Exercise. Would you return exactly the lines below from the line with "Close-up of a" through the line with "A large, well-lit", both included, and nothing else, leaving out the pictures?

═══ Materials provided

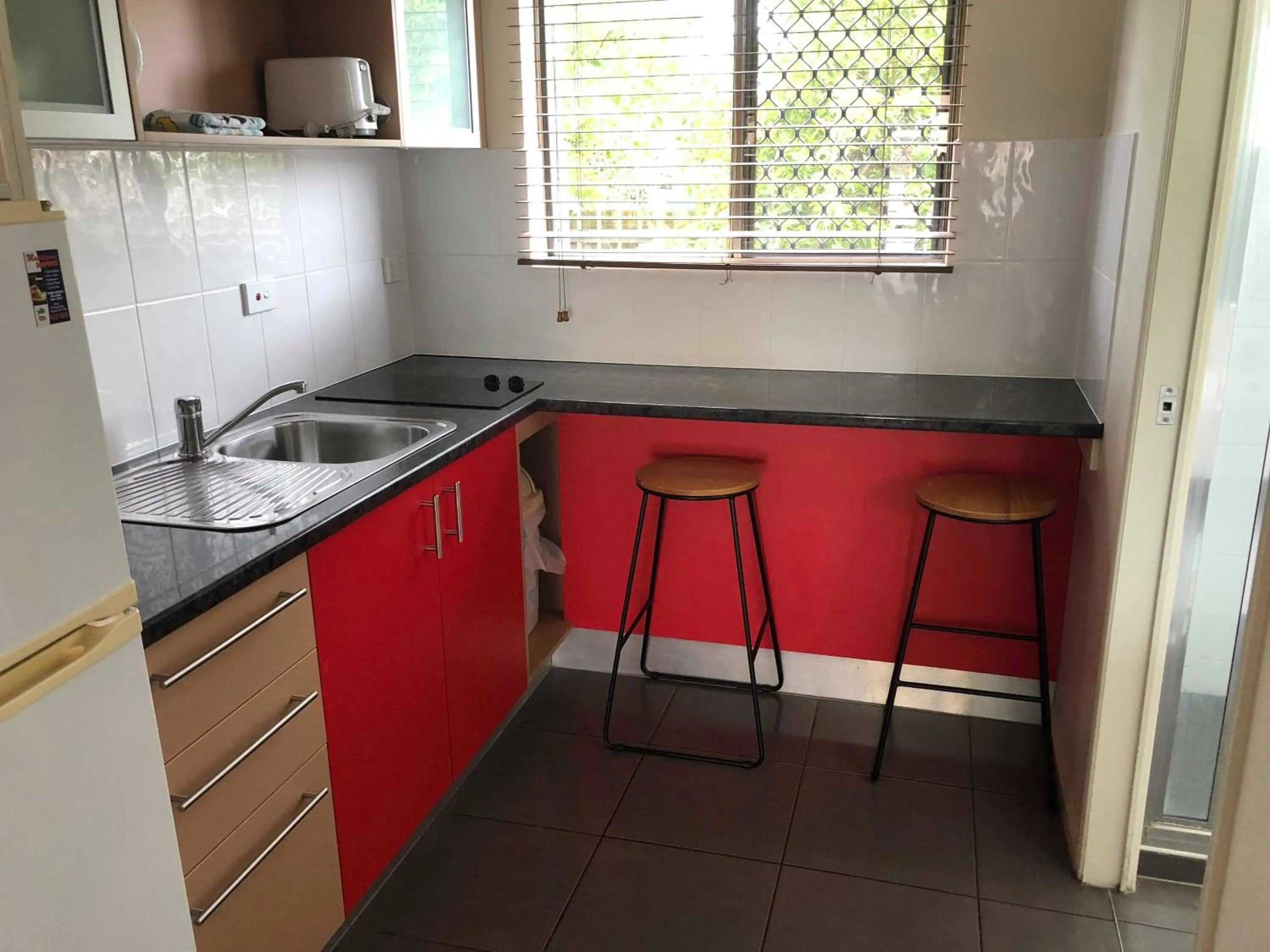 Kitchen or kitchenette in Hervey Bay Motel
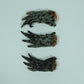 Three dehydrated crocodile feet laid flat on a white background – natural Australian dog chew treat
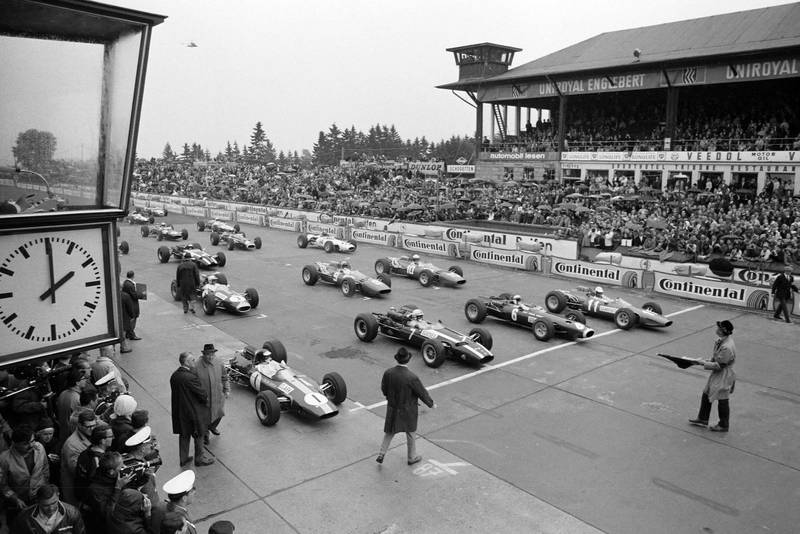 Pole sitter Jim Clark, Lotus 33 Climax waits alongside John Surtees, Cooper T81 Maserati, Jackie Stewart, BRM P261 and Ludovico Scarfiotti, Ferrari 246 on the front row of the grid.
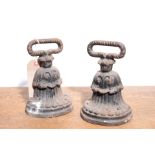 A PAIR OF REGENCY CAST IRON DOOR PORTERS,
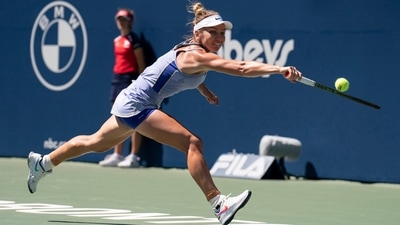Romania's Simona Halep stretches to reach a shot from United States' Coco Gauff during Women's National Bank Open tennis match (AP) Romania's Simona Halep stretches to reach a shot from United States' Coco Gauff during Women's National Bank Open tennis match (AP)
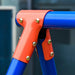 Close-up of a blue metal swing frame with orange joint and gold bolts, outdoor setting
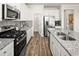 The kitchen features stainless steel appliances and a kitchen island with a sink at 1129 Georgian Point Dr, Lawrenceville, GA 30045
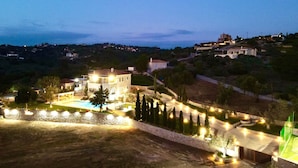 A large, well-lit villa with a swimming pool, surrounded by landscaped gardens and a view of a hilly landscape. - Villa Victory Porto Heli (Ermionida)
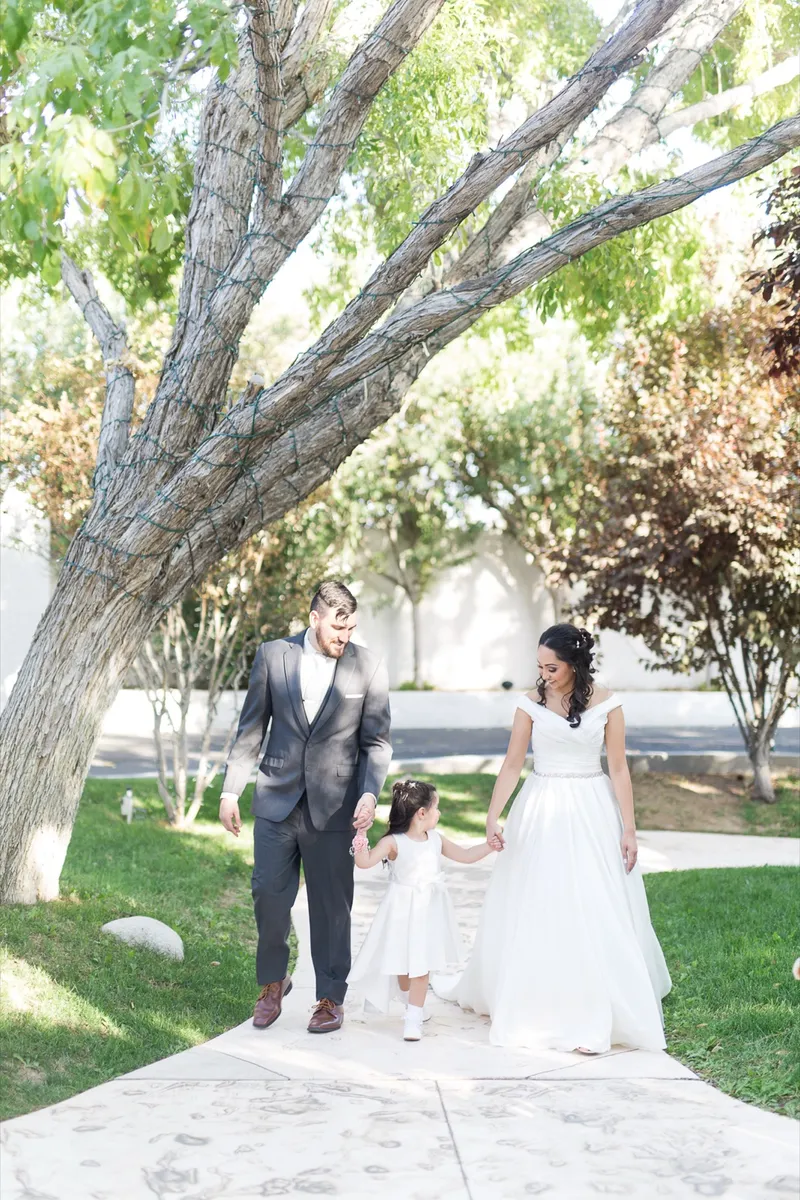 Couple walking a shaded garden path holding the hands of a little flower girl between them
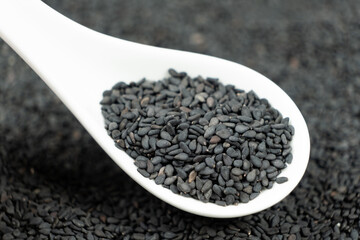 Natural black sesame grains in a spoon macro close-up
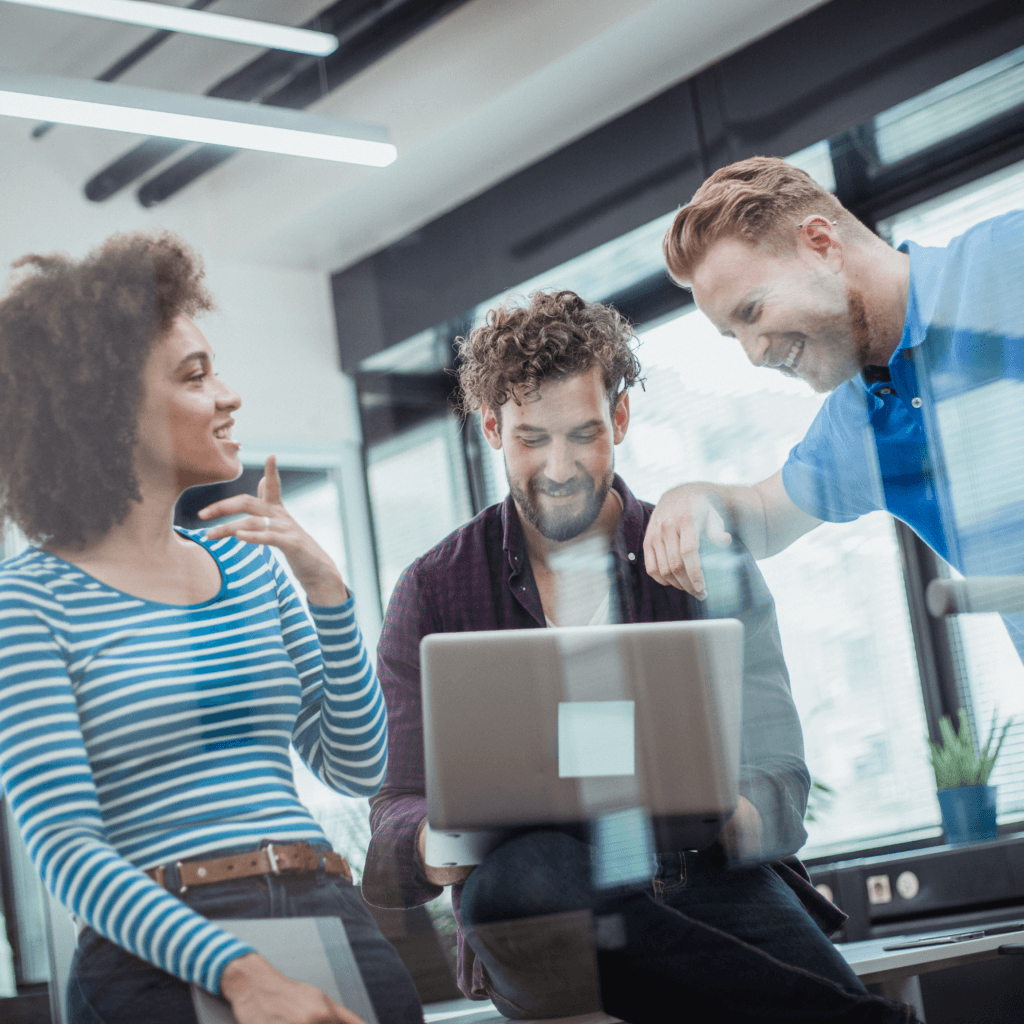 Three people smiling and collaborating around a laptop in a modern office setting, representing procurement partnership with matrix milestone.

══════

Expected answer.
 Close-up of a blue metal swing frame with orange joint and gold bolts, outdoor setting
 The kitchen features stainless steel appliances and a kitchen island with a sink at 1129 Georgian Point Dr, Lawrenceville, GA 30045
 A large, well-lit villa with a swimming pool, surrounded by landscaped gardens and a view of a hilly landscape. - Villa Victory Porto Heli (Ermionida)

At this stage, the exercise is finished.